The 'secret' Mussolini
In mistress' diaries, he shows an early anti-Semitism, calls Hitler a "softy."
ROME - Benito Mussolini was a fierce anti-Semite, who proudly said his hatred for Jews preceded Adolf Hitler's and vowed to "destroy them all," according to previously unpublished diaries by the Fascist dictator's longtime mistress.
According to the diaries, Mussolini also talked about the warm reception he received from Hitler at the 1938 Munich conference - he called the German leader a "softy" - and attacked Pope Pius XI for his criticism of Nazism and Fascism.
On a more intimate note, he was explicit about his sexual appetites for his mistress and said he regretted having affairs with other women.
The diaries kept by Claretta Petacci, Mussolini's mistress, between 1932 and 1938 are the subject of a book coming out this week, Secret Mussolini. Excerpts were published yesterday by Italy's leading daily, Corriere della Sera.
Historians said the diaries appeared to be convincing and reinforced the image that Mussolini was strongly anti-Semitic, even though early on there was some Jewish support for his Fascist movement. But they cautioned that these are the diaries of the dictator's lover, not Mussolini, and must be taken with an extra grain of salt.

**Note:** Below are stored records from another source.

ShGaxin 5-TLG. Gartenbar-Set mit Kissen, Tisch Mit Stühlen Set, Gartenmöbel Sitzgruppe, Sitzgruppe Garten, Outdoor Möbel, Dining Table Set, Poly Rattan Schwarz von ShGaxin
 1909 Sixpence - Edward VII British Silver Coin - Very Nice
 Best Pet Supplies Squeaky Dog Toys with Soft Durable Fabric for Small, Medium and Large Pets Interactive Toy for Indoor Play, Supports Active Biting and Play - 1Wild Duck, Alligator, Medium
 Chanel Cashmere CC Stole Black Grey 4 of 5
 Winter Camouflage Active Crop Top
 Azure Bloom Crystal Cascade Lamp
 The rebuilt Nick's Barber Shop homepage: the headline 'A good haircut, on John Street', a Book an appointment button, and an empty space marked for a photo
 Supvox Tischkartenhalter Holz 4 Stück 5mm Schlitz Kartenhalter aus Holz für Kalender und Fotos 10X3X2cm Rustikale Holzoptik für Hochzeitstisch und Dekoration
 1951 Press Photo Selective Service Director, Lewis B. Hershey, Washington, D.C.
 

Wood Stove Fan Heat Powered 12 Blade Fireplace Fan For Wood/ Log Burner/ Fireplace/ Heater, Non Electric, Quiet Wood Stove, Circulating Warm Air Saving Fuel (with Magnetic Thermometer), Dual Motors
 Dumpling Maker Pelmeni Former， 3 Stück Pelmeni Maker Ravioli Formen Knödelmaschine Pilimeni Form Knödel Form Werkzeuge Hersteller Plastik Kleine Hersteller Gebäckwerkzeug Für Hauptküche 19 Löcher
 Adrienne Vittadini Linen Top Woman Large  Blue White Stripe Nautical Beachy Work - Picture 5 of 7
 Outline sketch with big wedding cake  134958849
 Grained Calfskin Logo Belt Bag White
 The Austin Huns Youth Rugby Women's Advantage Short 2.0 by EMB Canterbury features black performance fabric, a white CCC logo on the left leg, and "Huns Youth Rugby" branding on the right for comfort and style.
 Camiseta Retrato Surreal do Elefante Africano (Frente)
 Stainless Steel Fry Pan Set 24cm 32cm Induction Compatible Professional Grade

Many of the excerpts date to 1938, a crucial year in which Mussolini's Fascist regime passed racial laws and Europe sealed its appeasement toward Nazi Germany at the Munich conference.
"I have been a racist since 1921," Mussolini is quoted as boasting in August 1938. "I don't know how they can think I'm imitating Hitler. We must give Italians a sense of race."
In 1943, German troops occupied northern and central Italy, and thousands of Jews were deported. According to some researchers, there were 32,000 Jews in 1943 in Italy, of whom more than 8,000 were deported to Nazi camps. "These disgusting Jews, I must destroy them all," Mussolini was quoted as saying by his lover in October 1938.
Mussolini also denounced Pius XI, who saw the rise of anti-Semitism in the last years of his 1922-39 papacy, as harming the Catholic Church. Pius commissioned an encyclical to denounce racism and German nationalism but died before releasing it.
Mussolini said that "there never was a pope as harmful to religion" as Pius XI and accused him of doing "undignified things, such as saying we are similar to the Semites."
Mussolini had kind words for Hitler, whom he said was "very nice" and had tears in his eyes when he met the Italian dictator in Munich. "Hitler is a big softy, deep down," Mussolini is quoted as telling Petacci on Oct. 1, 1938. Mussolini also wrote to Petacci about his "mad desire" for her "little body" and his regret over having had relations with other women. "I adore you and I'm a fool."
Mussolini and Petacci were shot by partisans April 28, 1945, and their bodies were displayed, hanging upside-down from a gas station in a Milan square, to a jeering crowd.